In the next few days/weeks, @betanalpha will publish a case study about how Bayesian inference with GPs requires some thought. (as well as how to do it)

So I’m not sure that GPs are an appropriate tool for what you’re trying to do. They can probably do it, but it’s “expert level” GP work.

< TECHICAL BIT>
For example, if you want to know if a GP is above a certain level (like 2/sqrt(n), which you would typically use for a pointwise test), it’s not enough to just compute Z-scores (or their equivalent) because you actually have to look at the function at an infinite number of points. The multiple testing correction for this is difficult to work out (the standard method involves very hard geometry). There are more mathematical delicacies as well.
< /TECHNICAL BIT>

Model misspecification makes all of this stuff even harder.
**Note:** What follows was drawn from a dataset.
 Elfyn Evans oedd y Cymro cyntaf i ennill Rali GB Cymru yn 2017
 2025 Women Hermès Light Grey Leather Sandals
But there’s nothing fundamental about iid Gaussian noise in GP regression. So if you want to use a more appropriate observation model, use it. Mathematically, you can put a GP into almost any position in almost any statistical model. Practically, you need to be sure that there is a lot of information from the data flowing into the bit of the model with the GP and you need to be very careful to avoid overfitting.

1 Like

This.

The entire motivation of Stan is to be able to build models that capture all of the structure you want to minimize the thread of misspecification. You will still have to take great care to ensure that the model is well-posed and that the computation is smooth enough to ensure accurate fits, and you will still have to vigorously check predictive performance to quantify possible misfit, but building the right model will give you a massive head start towards getting the valid insights you’re after.

1 Like

I think what Rasmussen was saying is that the possibility to avoid overfitting is built into the method and doesn’t require extra machinery bolted on, kind of like the possibility to jump your motorcycle across the grand canyon is built into the physics of projectile motion… but it’s not automatically a safe stunt to perform.
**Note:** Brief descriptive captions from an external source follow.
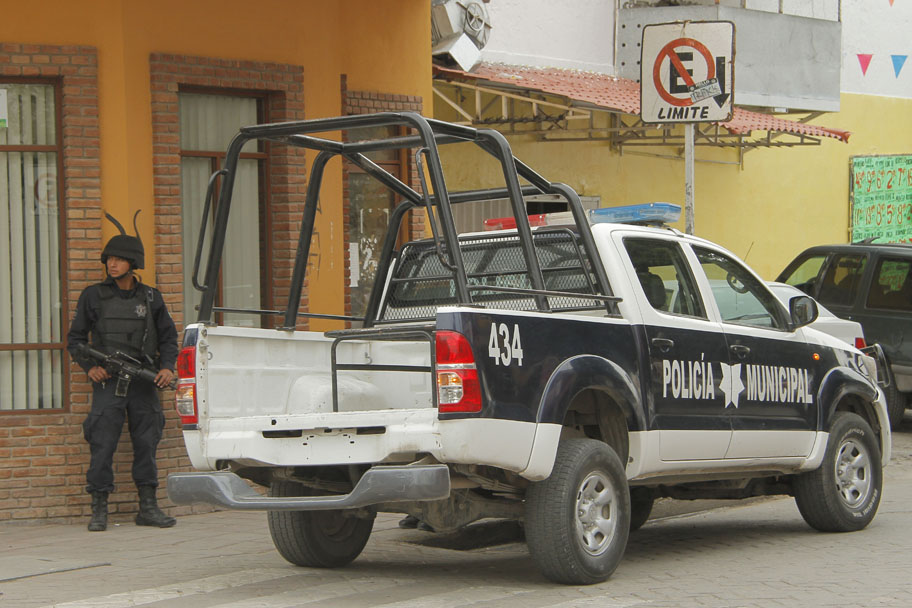 El lesionado fue trasladado a las instalaciones de la Clínica 16 del Seguro Social, donde horas después murió. (Archivo)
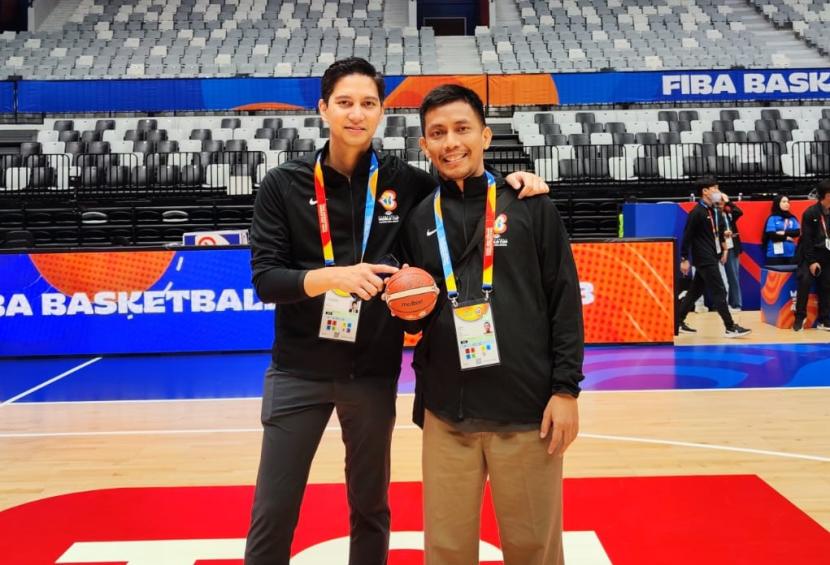 Budisatrio Djiwandono (kiri) saat menjadi Ketua LOC FIBA World Cup 2023 Jakarta. Budi baru saja terpilih menjadi ketua umum PP Perbasi periode 2024-2028.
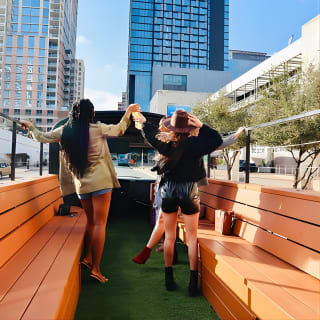 Austin Murals & Mimosas Roofless Party Bus Tour e Photoshoot 8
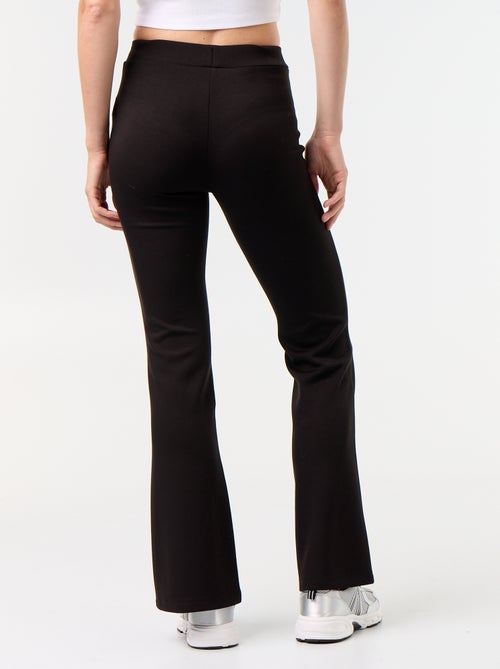 Zachte flare broek - Kiabi Zachte flare broek - Kiabi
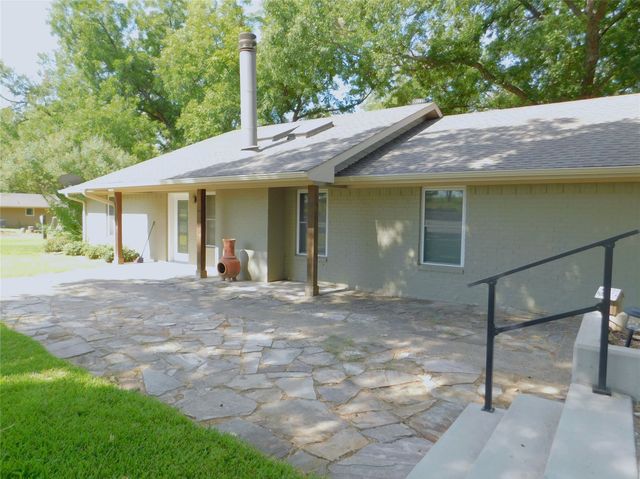 897 John George Lane, Sanger, TX 76266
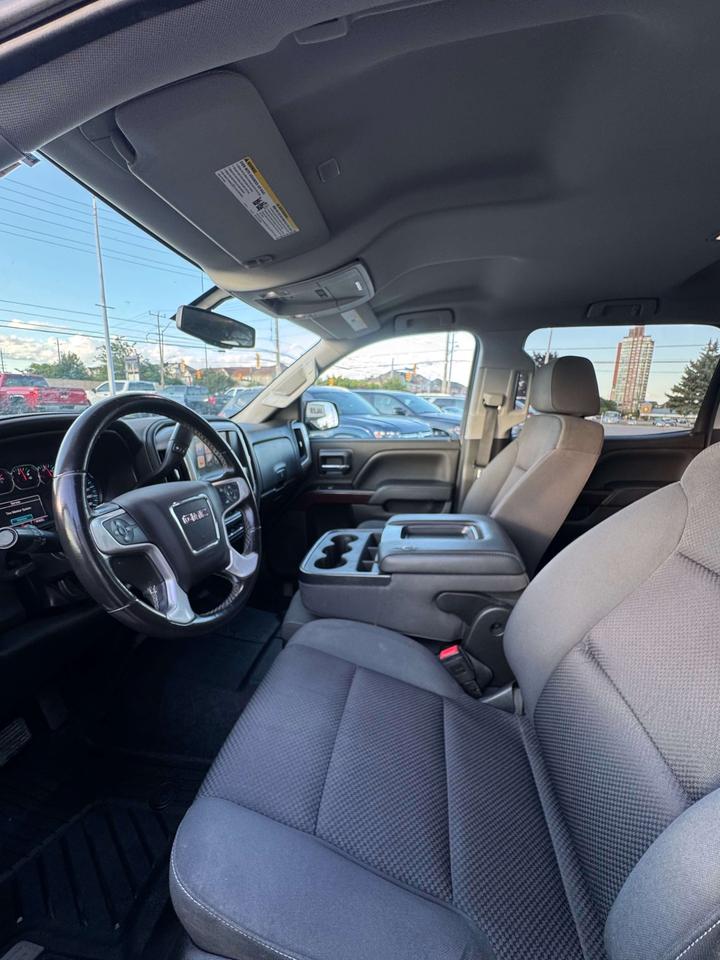 2018 GMC Sierra 1500 4WD Crew Cab 143.5 SLE 5'8 Box Photo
The way you’d go about avoiding overfitting is to think up some very very specific covariance functions narrowly constructed to get you a very specific family of functions that makes sense when put into the position f(x). The notion of “making sense in position f(x)” needs to be something that you have pretty strong opinions about at the moment, or you’re likely out of luck.

@anon75146577 Are there any papers or resources you’d recommend for learning how to avoid overfitting with Bayesian GP regression models? If I simply put vague/flat priors on the hyperparameters of my kernel function, would this be enough to prevent overfitting?

@dlakelan
Let me try to explain what I think Rasmussen meant by avoiding over-fitting. Rasmussen was saying that we can use the marginal log-likelihood to estimate the hyperparameters of our kernel function by taking the derivative of the marginal log-likelihood with respect to the hyperparameters. Essentially this is an Empirical Bayesian approach to Gaussian Process Regression where we use the marginal log-likelihood to estimate the hyperparameters of our kernel function. Rasmussen seems to argue that the resulting hyperparameter estimates will prevent overfitting due to the nature of the marginal log-likelihood function which contains a penalty term for model complexity.
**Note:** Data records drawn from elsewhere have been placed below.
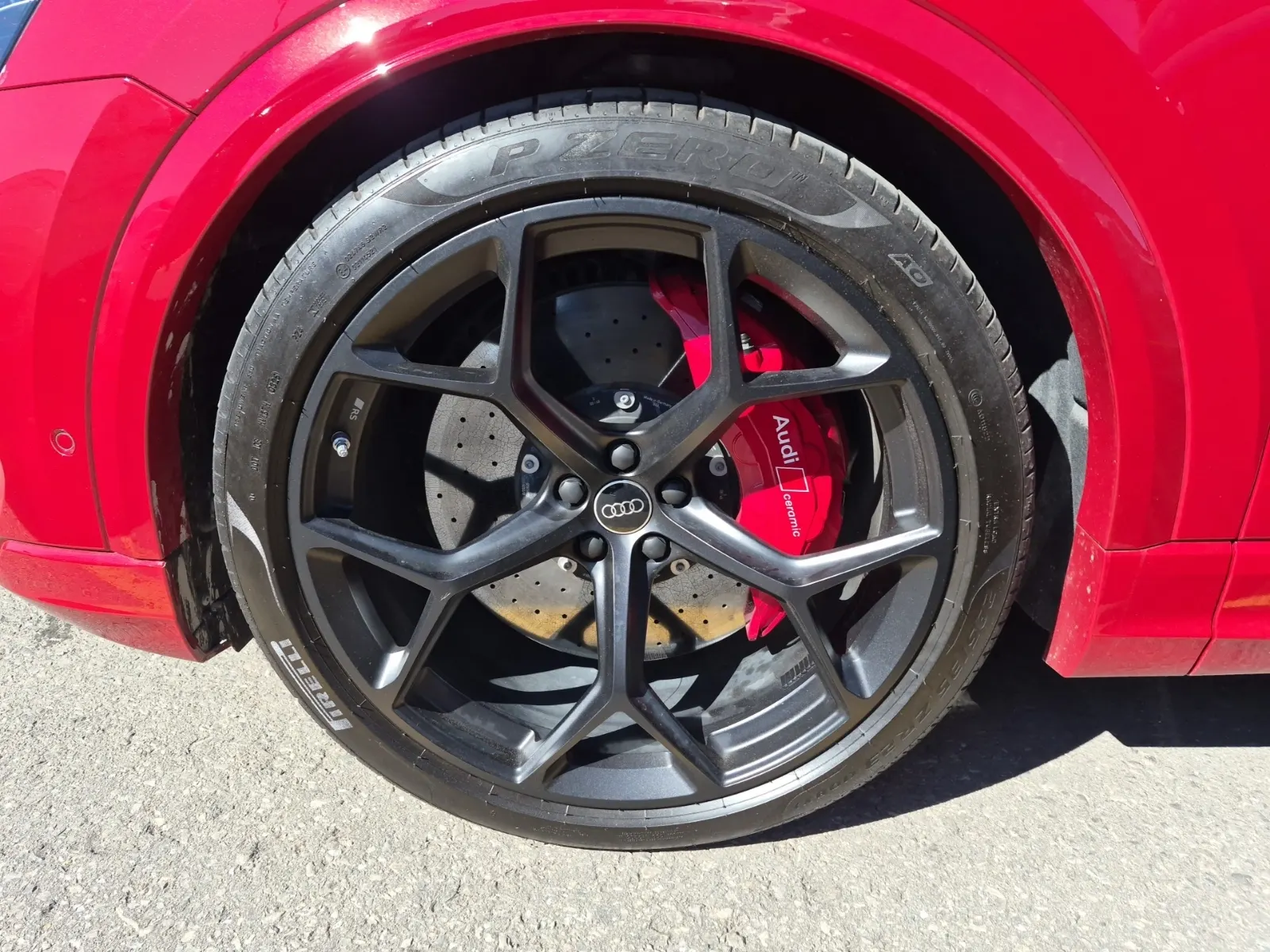 Front driver wheel/tire photo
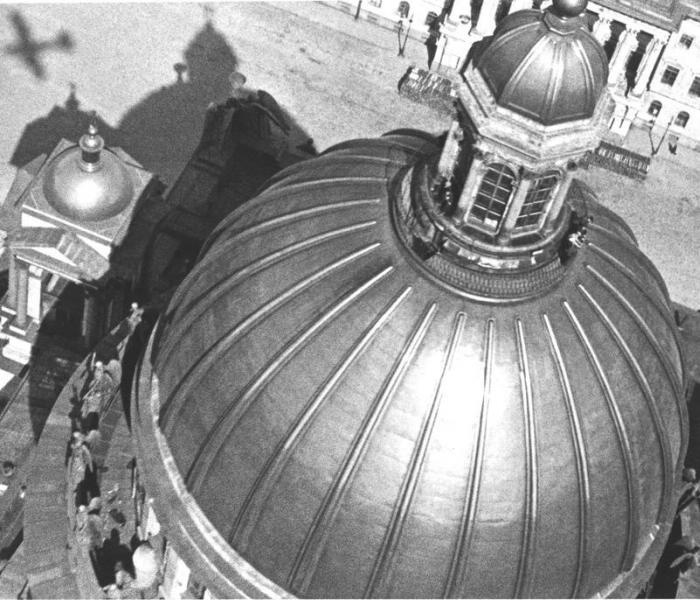 Купол «Исаакия» с тенью самолета, 1931 год, г. Ленинград. Выставки:&nbsp;«Православие с разных ракурсов»,&nbsp;«Свет и тени» с этой фотографией. 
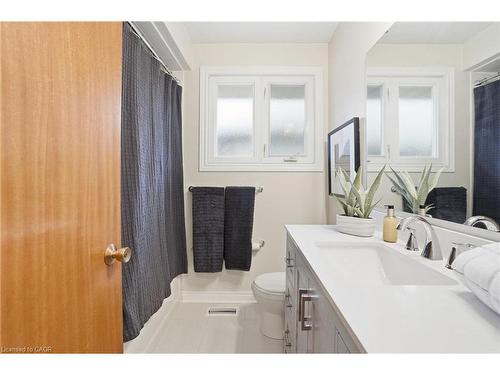 131 Nash Road N, Hamilton, ON - Indoor Photo Showing Bathroom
That being said, I would prefer to use a fully Bayesian implementation of GP regression by putting flat priors on my hyperparameters. Therefore, I have the following questions:

  1. If I put vague flat priors on the hyperparameters of the kernel function, will this help prevent overfitting?
  2. Given that I am new to GP regression, are there any papers or resources you’d recommend that explain how to prevent overfitting with GP regression models?

Thanks!

A vague prior is a very bad thing. I am literally at Columbia this week trying to wrap up a a paper about exactly this (more pertinently, @betanalpha has an almost complete Case Study on this that will answer all of your questions). A partial answer is here, but for the rest you’ll have to wait a (very short) while.

Yes, vague is the opposite of what I was suggesting. You need a very strong prior that restricts your function to be unable to wiggle around enough to simply fit through all the data.